片山俊介 社長
 2013年の暮れから、法人向けのプリンタビジネスが熱気を帯びてきて、買い増す企業もみられるようになった。消費税率引き上げを前に、予算を残さず買ってしまおうという動きが広がっている現象だと理解している。この傾向は、コンシューマ向け以上にビジネス向けで顕著だ。ただし、3月までは好調でも、需要の先食いの可能性もあるので、2014年度は市場の動きに注意する必要がある。

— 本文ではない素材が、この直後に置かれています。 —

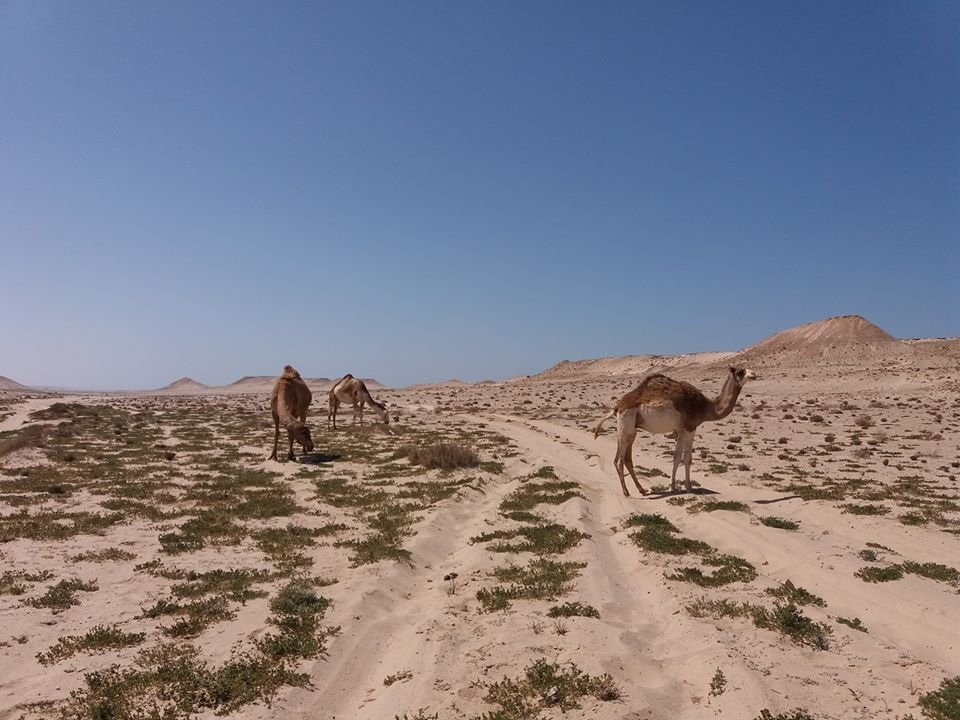 DAKHLA SURF TRAVEL : SAHARIANOSS-达赫拉必去景点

 当社が市場を開拓したと自負しているA3のビジネスインクジェット複合機は、市場の成長が続いていて、当社の業績も伸びている。2013年11月にはフラッグシップモデルの新製品を発売したが、現時点では競合他社に比べて圧倒的な高性能を誇り、好調だ。一方、A4のレーザー複合機も、カラーではNo.1のシェアを奪取している。ただし、オフィス需要はこれから劇的に伸びるわけではないので、次の展開を考えなければならない。

 2014年をさらなる成長の年にするためには、プリンタ/複合機を、PCに続く社内ネットワークの二つ目のインターフェースとして活用してもらえるような提案をする必要がある。すでにスキャンしたドキュメントをクラウドにアップしてシェアする機能などを実装しているが、ソフトベンダーとも連携し、ビジネスシーンに役に立ちそうな機能、アプリケーションを今後も開発していく。ビジネスの仕組みに新しい付加価値を与えるソリューションを考えるのが、当社のような販売会社の使命だ。